Sed reads the first line of input, “foo” and places it in the PS. The command is n, so, Sed prints the PS and replaces PS with the next line, “bar”. Again, the n command is applied, which makes Sed print PS (which is now “bar”), and the last line of input is read. Now, “jedi” is in PS,n is executed, which causes PS to be once more printed to STDOUT. There are not more input lines, so sed just exits. At the end, this command just prints

foo
bar
jedi

just like the cat command would do. As we see, the n command is not very useful on its own, but at least we now know how it works.

Let’s try an example that makes a little more sense. The n command is useful in situations where you want to deal with “every other line”, that is, you skip one line, and do something with the other. For example, you have this file where each country name is written in en_US in odd lines, and in pt_BR in even lines:

Japan
Japão
Brazil
Brasil
United States
Estados Unidos

You want to add “(pt_BR)” after each line where the name is indeed in pt_BR.

$ sed 'n; s/.*/& (pt_BR)/' < countries.txt
Japan
Japão (pt_BR)
Brazil
Brasil (pt_BR)
United States
Estados Unidos (pt_BR)

And if you want to add “en_US” to the respective lines as well, we do:

$ sed 's/.*/& (en_US)/; n; s/.*/& (pt_BR)/' < countries.txt
Japan (en_US)
Japão (pt_BR)
Brazil (en_US)
Brasil (pt_BR)
United States (en_US)
Estados Unidos (pt_BR)

Let’s explain sed 'n; s/.*/& (pt_BR)/' first.

Sed reads “Japan” into PS. The command is n, so, Sed just prints it and reads the next line of input. Note that Sed doesn’t run the s command on “Japan” (because of the n command). Now “Japão” is in PS (again because of n) and the s command is run, causing “Japão” to become “Japão (pt_BR)”, and PS is printed. There are no more commands, so, Sed just restarts the cycle again.

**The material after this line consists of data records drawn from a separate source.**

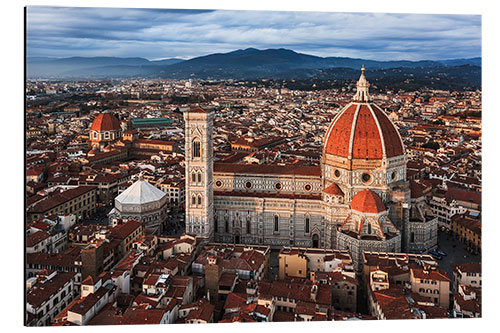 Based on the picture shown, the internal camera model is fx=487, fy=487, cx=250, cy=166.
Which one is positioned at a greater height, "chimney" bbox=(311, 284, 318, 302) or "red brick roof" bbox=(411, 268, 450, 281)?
"red brick roof" bbox=(411, 268, 450, 281)

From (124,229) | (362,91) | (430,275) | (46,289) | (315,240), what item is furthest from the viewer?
(315,240)

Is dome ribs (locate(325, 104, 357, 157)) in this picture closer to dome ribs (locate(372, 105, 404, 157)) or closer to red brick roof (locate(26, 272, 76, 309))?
dome ribs (locate(372, 105, 404, 157))

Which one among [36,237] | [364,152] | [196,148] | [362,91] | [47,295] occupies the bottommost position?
[47,295]

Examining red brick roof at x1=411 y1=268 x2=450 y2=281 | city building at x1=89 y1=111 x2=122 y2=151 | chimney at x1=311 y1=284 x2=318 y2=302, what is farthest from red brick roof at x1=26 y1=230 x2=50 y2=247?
city building at x1=89 y1=111 x2=122 y2=151

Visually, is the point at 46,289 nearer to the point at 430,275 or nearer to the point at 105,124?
the point at 430,275

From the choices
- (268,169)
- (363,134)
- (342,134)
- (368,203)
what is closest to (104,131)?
(268,169)

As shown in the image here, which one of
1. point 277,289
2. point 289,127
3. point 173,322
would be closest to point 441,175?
point 277,289

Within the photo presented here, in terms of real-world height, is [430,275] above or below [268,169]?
below

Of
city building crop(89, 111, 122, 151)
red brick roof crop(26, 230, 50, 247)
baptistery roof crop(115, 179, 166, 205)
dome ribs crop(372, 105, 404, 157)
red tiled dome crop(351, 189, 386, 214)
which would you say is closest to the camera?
red brick roof crop(26, 230, 50, 247) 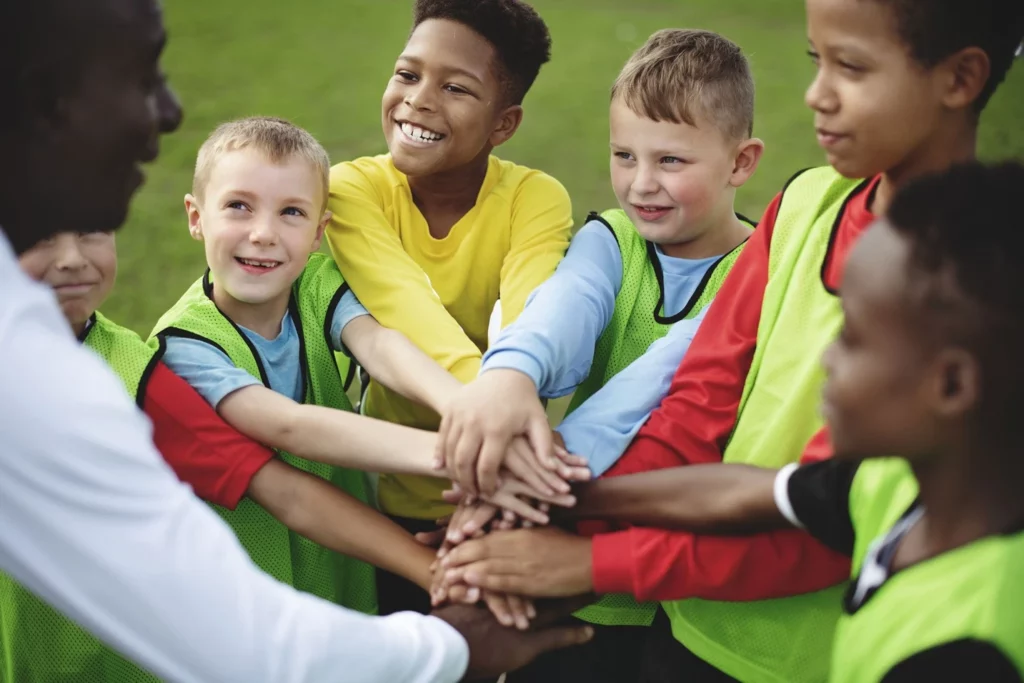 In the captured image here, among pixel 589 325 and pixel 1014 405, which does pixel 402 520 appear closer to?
pixel 589 325

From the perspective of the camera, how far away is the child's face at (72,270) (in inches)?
78.1

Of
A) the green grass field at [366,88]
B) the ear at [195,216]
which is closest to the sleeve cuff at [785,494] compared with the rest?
the ear at [195,216]

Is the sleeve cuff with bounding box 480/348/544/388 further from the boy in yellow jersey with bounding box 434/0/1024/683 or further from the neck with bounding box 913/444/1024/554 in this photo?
the neck with bounding box 913/444/1024/554

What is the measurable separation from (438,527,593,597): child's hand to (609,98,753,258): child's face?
67 cm

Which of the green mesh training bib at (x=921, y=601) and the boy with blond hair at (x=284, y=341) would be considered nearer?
the green mesh training bib at (x=921, y=601)

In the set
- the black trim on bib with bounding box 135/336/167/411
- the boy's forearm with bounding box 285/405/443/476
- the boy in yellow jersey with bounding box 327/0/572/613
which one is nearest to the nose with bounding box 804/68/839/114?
the boy in yellow jersey with bounding box 327/0/572/613

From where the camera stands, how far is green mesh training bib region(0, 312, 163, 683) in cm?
198

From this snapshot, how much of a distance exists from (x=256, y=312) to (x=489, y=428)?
24.4 inches

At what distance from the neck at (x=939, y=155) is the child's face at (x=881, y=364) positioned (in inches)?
15.4

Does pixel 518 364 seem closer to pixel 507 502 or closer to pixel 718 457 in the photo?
pixel 507 502

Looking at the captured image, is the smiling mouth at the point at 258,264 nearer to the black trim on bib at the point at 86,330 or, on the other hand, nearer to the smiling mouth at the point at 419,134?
the black trim on bib at the point at 86,330

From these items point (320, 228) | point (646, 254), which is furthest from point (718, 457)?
point (320, 228)

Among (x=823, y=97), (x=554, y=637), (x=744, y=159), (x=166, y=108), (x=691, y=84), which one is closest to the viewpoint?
(x=166, y=108)

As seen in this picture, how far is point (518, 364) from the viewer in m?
1.96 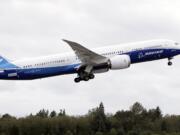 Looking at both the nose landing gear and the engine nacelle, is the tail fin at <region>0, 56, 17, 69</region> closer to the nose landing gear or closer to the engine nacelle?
the nose landing gear

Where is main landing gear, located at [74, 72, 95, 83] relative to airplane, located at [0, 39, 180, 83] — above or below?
below

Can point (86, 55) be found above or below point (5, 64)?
above

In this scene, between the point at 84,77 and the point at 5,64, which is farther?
the point at 84,77

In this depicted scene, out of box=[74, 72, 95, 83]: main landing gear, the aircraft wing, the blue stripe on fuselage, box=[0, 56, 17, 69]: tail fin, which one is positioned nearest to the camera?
the blue stripe on fuselage

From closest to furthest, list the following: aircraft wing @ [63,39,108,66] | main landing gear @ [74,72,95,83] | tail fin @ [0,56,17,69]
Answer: tail fin @ [0,56,17,69] → aircraft wing @ [63,39,108,66] → main landing gear @ [74,72,95,83]

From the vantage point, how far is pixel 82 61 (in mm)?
115062

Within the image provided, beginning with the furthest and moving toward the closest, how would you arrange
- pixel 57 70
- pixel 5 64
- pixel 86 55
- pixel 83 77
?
pixel 83 77 < pixel 86 55 < pixel 57 70 < pixel 5 64

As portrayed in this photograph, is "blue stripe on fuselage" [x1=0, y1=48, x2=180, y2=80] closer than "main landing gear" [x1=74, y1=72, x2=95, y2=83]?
Yes

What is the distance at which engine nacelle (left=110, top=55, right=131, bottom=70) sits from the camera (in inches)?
4441

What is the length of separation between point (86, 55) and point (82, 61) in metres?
1.02

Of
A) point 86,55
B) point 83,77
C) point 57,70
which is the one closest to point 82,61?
point 86,55

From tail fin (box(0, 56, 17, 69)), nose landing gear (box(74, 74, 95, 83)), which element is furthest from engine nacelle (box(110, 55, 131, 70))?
tail fin (box(0, 56, 17, 69))

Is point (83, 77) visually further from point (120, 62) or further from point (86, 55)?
point (120, 62)

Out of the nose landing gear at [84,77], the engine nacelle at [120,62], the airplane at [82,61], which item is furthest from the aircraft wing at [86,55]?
the nose landing gear at [84,77] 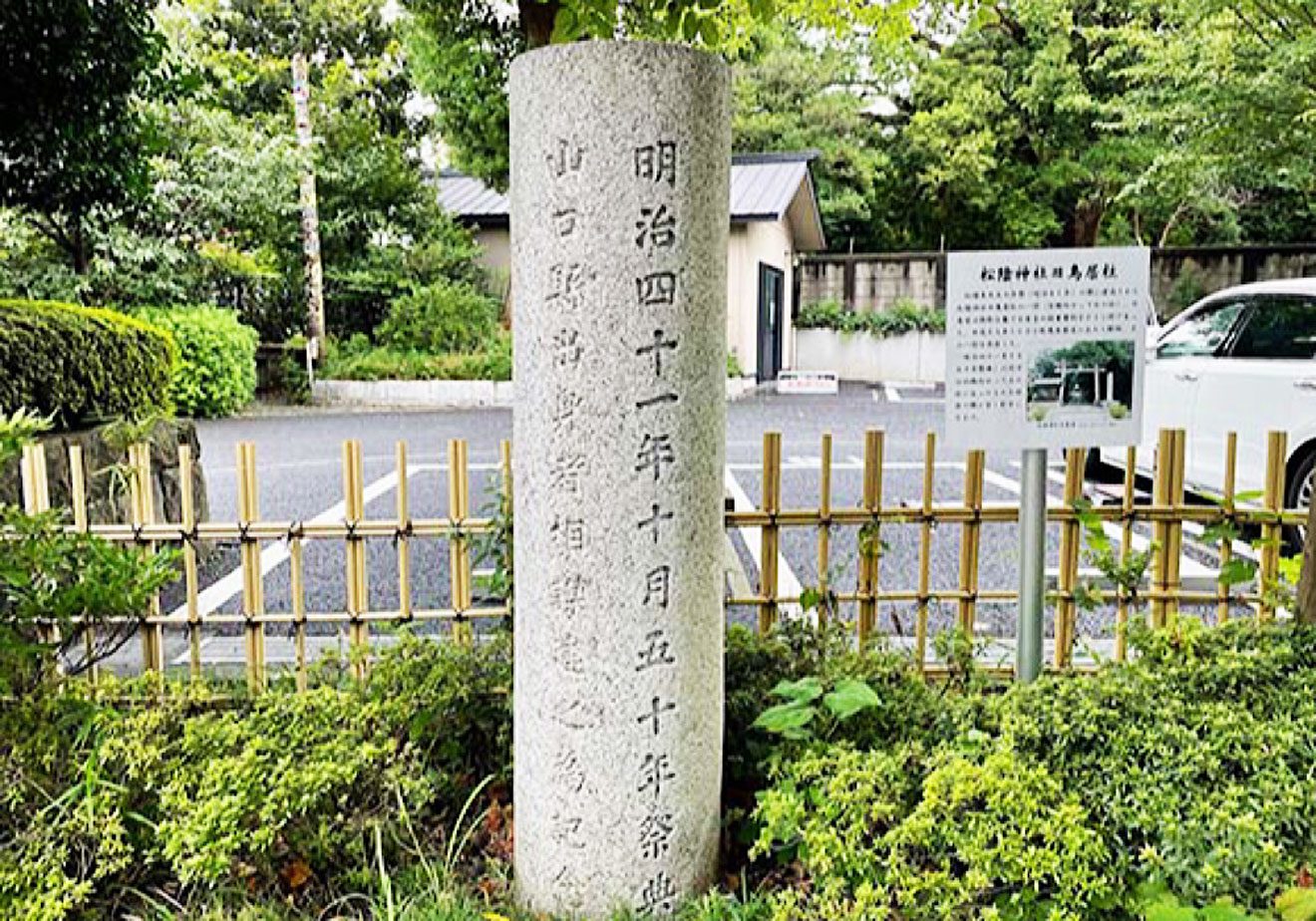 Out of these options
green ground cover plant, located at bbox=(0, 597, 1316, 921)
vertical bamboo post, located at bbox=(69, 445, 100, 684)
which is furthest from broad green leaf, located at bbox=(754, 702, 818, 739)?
vertical bamboo post, located at bbox=(69, 445, 100, 684)

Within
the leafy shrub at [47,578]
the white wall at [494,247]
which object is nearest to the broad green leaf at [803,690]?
the leafy shrub at [47,578]

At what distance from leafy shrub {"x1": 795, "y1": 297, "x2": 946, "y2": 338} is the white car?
1101 centimetres

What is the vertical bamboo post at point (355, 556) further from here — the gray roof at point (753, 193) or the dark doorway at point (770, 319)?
the dark doorway at point (770, 319)

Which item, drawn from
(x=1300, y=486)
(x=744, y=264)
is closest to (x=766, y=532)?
(x=1300, y=486)

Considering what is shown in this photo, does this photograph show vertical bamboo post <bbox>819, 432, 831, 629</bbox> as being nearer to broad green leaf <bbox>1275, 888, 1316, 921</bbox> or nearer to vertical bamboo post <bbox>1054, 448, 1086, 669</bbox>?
vertical bamboo post <bbox>1054, 448, 1086, 669</bbox>

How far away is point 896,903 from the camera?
197cm

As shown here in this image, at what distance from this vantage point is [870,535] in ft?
10.1

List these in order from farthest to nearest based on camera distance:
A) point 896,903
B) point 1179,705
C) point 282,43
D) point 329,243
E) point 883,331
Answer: point 282,43
point 883,331
point 329,243
point 1179,705
point 896,903

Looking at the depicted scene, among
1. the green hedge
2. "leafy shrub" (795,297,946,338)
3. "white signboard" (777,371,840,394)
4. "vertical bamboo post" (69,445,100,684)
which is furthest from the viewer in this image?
"leafy shrub" (795,297,946,338)

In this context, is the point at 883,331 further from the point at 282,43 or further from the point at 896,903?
the point at 896,903

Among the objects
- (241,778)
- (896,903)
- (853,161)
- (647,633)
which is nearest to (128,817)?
(241,778)

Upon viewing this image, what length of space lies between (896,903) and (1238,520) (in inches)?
77.0

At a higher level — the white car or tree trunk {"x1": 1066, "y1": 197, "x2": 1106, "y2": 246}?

“Brazil” is read into PS (which automatically replaces whatever was there). n is the command to be run, which causes PS to be printed and the next line of input to be read into PS, which causes PS now contain “Brasil”, which is the text that the s command operates on this time, turning “Brasil” into “Brasil (pt_BR)”. PS is once more printed.

The cycle starts once more for “United States”, which is simple printed, “Estados Unidos” is read into PS and operated on by the s command and then printed.

Note that every time sed reads a line into the PS, it will run any commands on the contents of the PS and then automatically print the PS unless the -n command line option is used.

As for 's/.*/& (en_US)/; n; s/.*/& (pt_BR)/', the process is very similar. First, “Japan” is read into PS. The command is s, which turns “Japan” into “Japão (en_US)”. Then n causes PS to be printed, and the next line of input to placed into PS (the old content of PS is gone by now). The current command is the second s, which replaces “Japão” with “Japão (pt_BR). PS is printed and the cycle starts again for “Brazil” and finally for “United States”.